Era Don Diego López de Haro, señor de Bizkaia en el siglo XIV, un gran cazador y siempre que podía, salía a cazar algún jabalí o algún otro animal de los que abundaban por Euskal Herria en aquellos tiempos.
Un día que se encontraba de caza, oyó cantar a una mujer en lo alto de una peña. Su voz era tan bella que Don Diego no pudo resistirse a su encanto, y se dirigió hacia la peña para conocer a loa dueña de tan vello canto.
Al verla se quedó atónito, pues jamás había conocido a una mujer tan hermosa. Era alta y esbelta, con unos ojos negros que contrastaban con el rubio dorado de sus cabellos, que caían por debajo de sus rodillas. Llevaba un vestido verde bordado con hilos de oro y una cinta en la frente, también de oro.
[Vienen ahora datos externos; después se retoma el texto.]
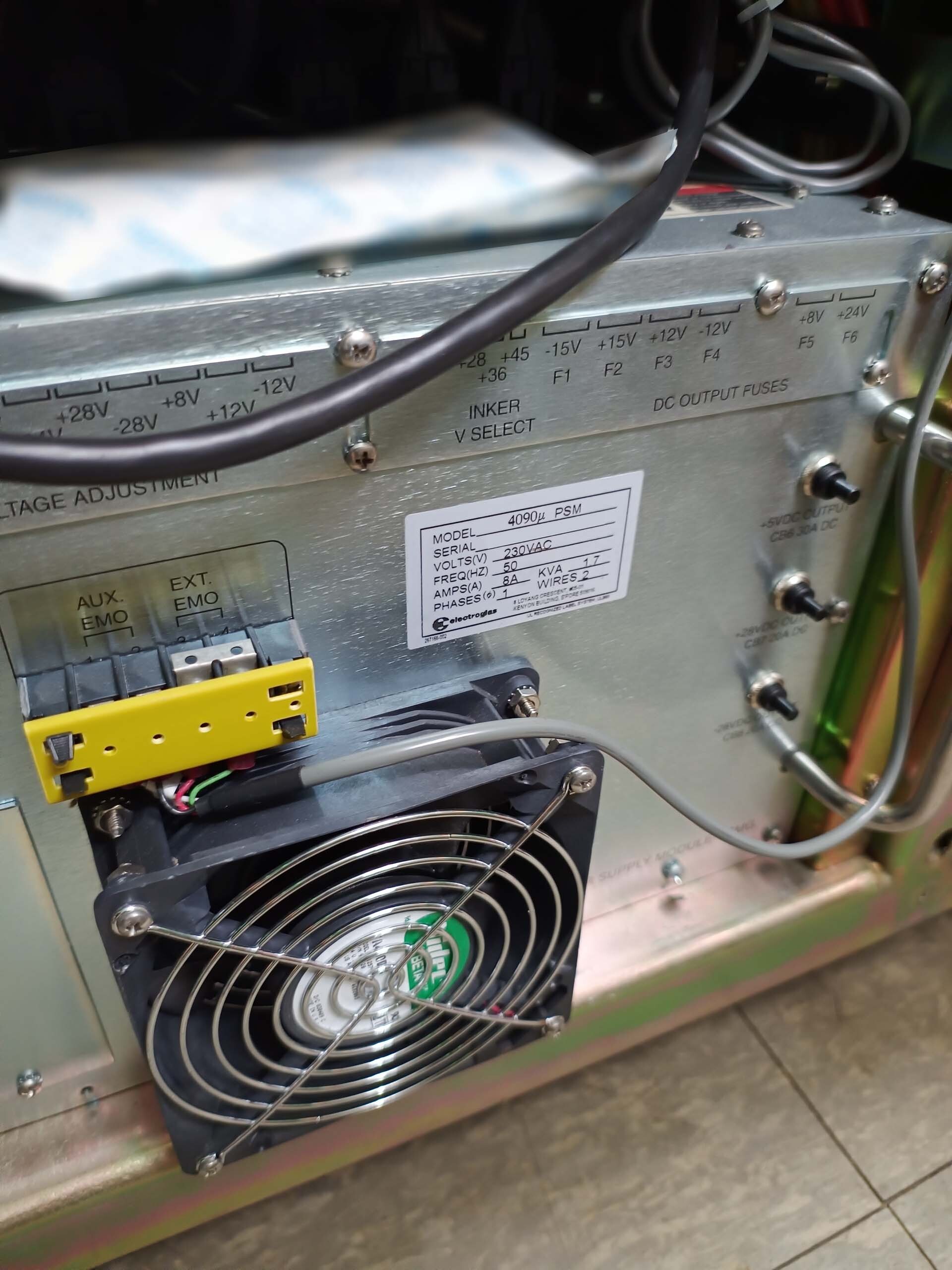 Photo Used ELECTROGLAS / EG 4090u+ For Sale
Era tal su esplendor, que Don Diego se enamoró locamente de ella.
-¿Quién eres?- Le pfreguntó.
-La señora de Amboto- Respondió ella.
-Puesto que tu eres señora de Amboto y yo señor de Bizkaia, ¿quieres casarte conmigo?
La Dama aceptó, pero le hizo prometer a Don Diego que nunca haría la señal de la cruz en su presencia. Se casaron y tuvieron una hija, Urraka, y y un hijo, Iñigo Guerra.
Pasaron los años y reinaba la felicidad en la casa de Don Diego López de Haro. Pero un día el señor volvió de la caza con un enorme jabalí que había capturado que los encargados de la cocina habían dispuesto con una rica guarnición para la cena. Cuando toda la familia estaba sentada en la mesa, dos de los perros de la casa entraron ladrando, pidiendo parte del banquete. Uno de los perros era un gran Alano bastante fiero, y la otra era una perrita de aguas mucho más pequeña. Don Digo les lanzó una de las patas del jabalí y los dos perros se abalanzaron sobre ella disputándosela. Para sorpresa de tod@s, la pequeña perrita mató al alano y se marchó corriendo arrastrando la pata de jabalí. Don diego no pudo contenerse e hizo la señal de la cruz, al tiempo que exclamaba:
-¡Dios mío! ¡Jamás había visto algo igual!
En ese mismo instante, Mari cogió a su hija Urraka de la mano y salieron volando por la ventana . Nunca más se supo de ellas.
Pasaron los años y, durante una guerra contra los castellanos, Don Diego fue hecho prisionero y encerrado en una fortaleza en Toledo. Iñigo Gerra pidió consejo para liberar a su padre, pero nadie sabía el modo de hacerlo, hasta que un anciano de larga barba blanca le dijo:
-Iñigo, si quieres ayuda, ve a buscar a tu madre. Ella sabrá decirte lo que debes hacer.
Así pues, Iñigo se dirigió hacia el monte Amboto y allí encontró a Mari subida en una peña.
-Querido hijo- habló Mari. -Ven hacia mi, porque ya se que vienes a preguntarme cómo liberar a tu padre de aquella prisión.
Mari lanzó un grito y apareció un hermoso caballo blanco ensillado.
-Este es Pardal- Continuó diciendo la Dama. -Te lo doy y con el ganarás batallas, pero nunca debes quitarle la silla, ni darle de comer o de beber. En el mismo día de hoy te llevará a Toledo y os traerá a ti y a tu padre de vuelta a casa.
Así fue, Iñigo montó en el caballo y, al momento, se encontró en el patio de la fortaleza en la que se encontraba su padre prisionero. Cuando lo encontró, lo cogió de la mano, lo llevó hasta el caballo y ambos montaron regresando a Bizkalla sin que ningún soldado castellano hiciese nada por detenerlos, pues se habían vuelto invisibles.
Desde entonces todas las entrañas de las bacas que se sacrificaban en la casa del señor de Bizkaia eran colocadas en una peña cómo ofrenda a la Dama del Amboto. Y se decía que, de no hacerlo, caería una desgracia sobre Don Diego López de Haro y sus descendientes, cómo asó ocurrió años más tarde, cuando un tataranieto de Don Diego dejó de hacer la ofrenda, y este perdió un ojo por no seguir la tradición.